I asked this question in stackexchange a few days back (https://math.stackexchange.com/questions/2741806/bounding-the-number-of-non-isomorphic-graphs-having-m-edges-and-no-isolated-ve?noredirect=1#comment5658566_2741806), but did not get any satisfactory answer there. So I decided to ask it again in Mathoverflow.

Given a positive integer $m$, let $A_m$ denote the number of non-isomorphic graphs (connected or disconnected) having exactly $m$ edges and no isolated vertices.
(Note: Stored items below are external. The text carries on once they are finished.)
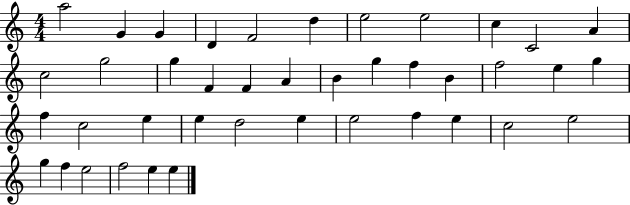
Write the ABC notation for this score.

X:1
T:Untitled
M:4/4
L:1/4
K:C
a2 G G D F2 d e2 e2 c C2 A c2 g2 g F F A B g f B f2 e g f c2 e e d2 e e2 f e c2 e2 g f e2 f2 e e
What is the tightest known bound on $A_m$?

More specifically, is it true that $A_m \leq m^{m^\alpha}$ for some $\alpha < 1$?

I would be glad if someone points out that this is not the case. Counterexamples of the form $A_m \geq m^m$ or $A_m \geq m!$ will also be highly valued by me!

• Sorry, forgot to mention that the proof/counterexample should be given for all but finitely many $m$, not for any fixed $m$. – abcd Apr 21 '18 at 20:28
• Some initial counts are listed in oeis.org/A000664 – Max Alekseyev Apr 23 '18 at 13:09

Here is some information about the labelled case, based on E.A. Bender, E.R. Canfield and B.D. McKay, The asymptotic number of labeled graphs with n vertices, q edges, and no isolated vertices, J. Combinatorial Theory, Series A, 80 (1997) 124-150.

The number of labelled graphs with $m$ edges and no isolated vertices is $$L_m = (1 + o(1))\, C_0\, (C_1 m)^m,$$ where $$C_0 =\frac{1}{2^{1+\frac14\ln 2}\ln 2}\approx 0.6397,\quad C_1 = \frac{2}{(\ln 2)^2e}\approx 1.5314.$$ Also, the distribution of the number of vertices in such a graph is asymptotically normal, with mean $$n = \frac{m}{\ln 2}$$ and variance $O(m)$ (the precise value is given). It means that the bulk of these graphs have close to $m/\ln 2$ vertices.

I thought that the $L_m/n!$ would be a useful nonrigorous lower bound on the number of unlabelled graphs, but alas this quantity goes to 0. It means that most graphs in the class have very large automorphism groups. That is not a surprise given that the typical average degree is $2\ln(2)\approx 1.386$.

A lower bound $A_m\ge (\Omega(m))!$ can be obtained as follows. Let $n$ be a positive integer and $\pi$ an arbitrary permutation of $\{1,2,\dots,n\}$. Construct a graph $G(\pi)=(V,E(\pi))$ as follows.

Let $V=\{x_0, x_1, x_2, \dots, x_n\} \cup \{y_0,y_1, y_2, \dots, y_n\}$. Now add the following edges to $E(\pi)$:

1) all edges $x_0x_i$ and $y_0y_i$, $i=1,2,\dots,n$ (forming two copies of $K_{1,n}$)

2) all edges $x_ix_{i+1}$ and $y_iy_{i+1}$, $i=1,2,\dots,n-1$ (forming two copies of the path $P_n$)

3) all edges $x_iy_{\pi(i)}$, $i=1,2,\dots,n$ (forming a matching according to the permutation $\pi$).

The total number of edges is $5n$.

It is easy to see that $G(\pi)$ is isomorphic to at most seven other graphs $G(\pi')$ if $n\ge 5$. By adding a constant number of edges to distinguish $x_0$ from $y_0$, $x_1$ from $x_n$, and $y_1$ from $y_n$, the modified graphs $G'(\pi)$ would be pairwise non-isomorphic.